## [Given information]
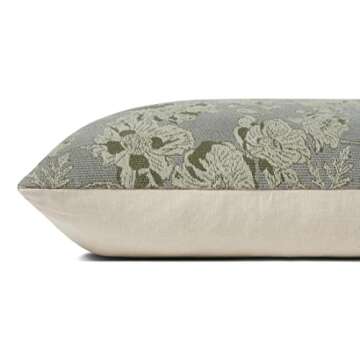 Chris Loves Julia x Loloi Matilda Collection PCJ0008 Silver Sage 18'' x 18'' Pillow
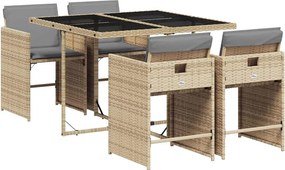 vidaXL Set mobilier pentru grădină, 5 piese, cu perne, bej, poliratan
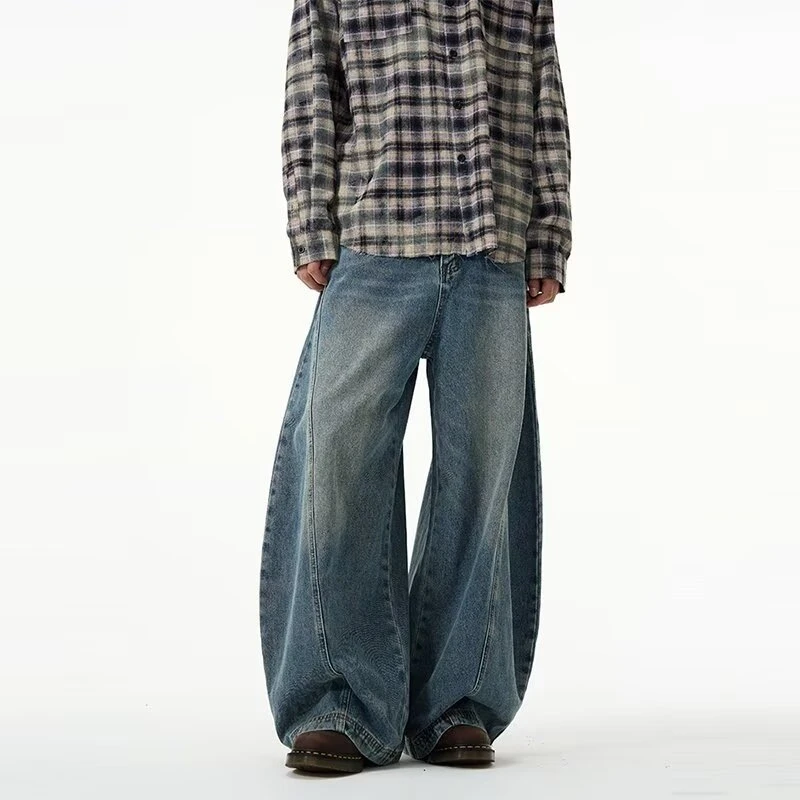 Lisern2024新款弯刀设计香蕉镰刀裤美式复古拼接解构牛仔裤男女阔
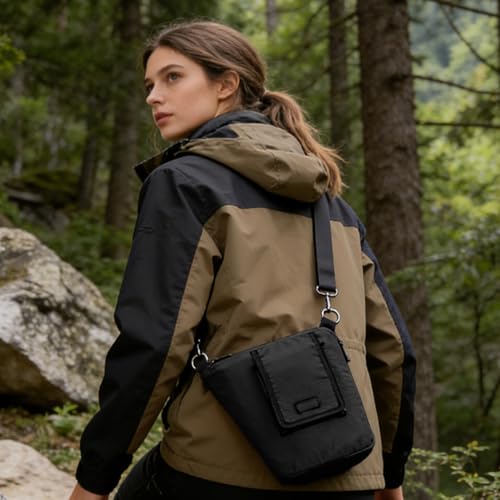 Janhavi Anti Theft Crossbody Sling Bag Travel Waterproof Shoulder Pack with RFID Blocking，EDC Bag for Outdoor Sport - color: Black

## [Your objective]
From the first line to the last, repeat the data above exactly and leave the pictures out.

## [Answer for the task]
 Chris Loves Julia x Loloi Matilda Collection PCJ0008 Silver Sage 18'' x 18'' Pillow
 vidaXL Set mobilier pentru grădină, 5 piese, cu perne, bej, poliratan
 Lisern2024新款弯刀设计香蕉镰刀裤美式复古拼接解构牛仔裤男女阔
 Janhavi Anti Theft Crossbody Sling Bag Travel Waterproof Shoulder Pack with RFID Blocking，EDC Bag for Outdoor Sport - color: Black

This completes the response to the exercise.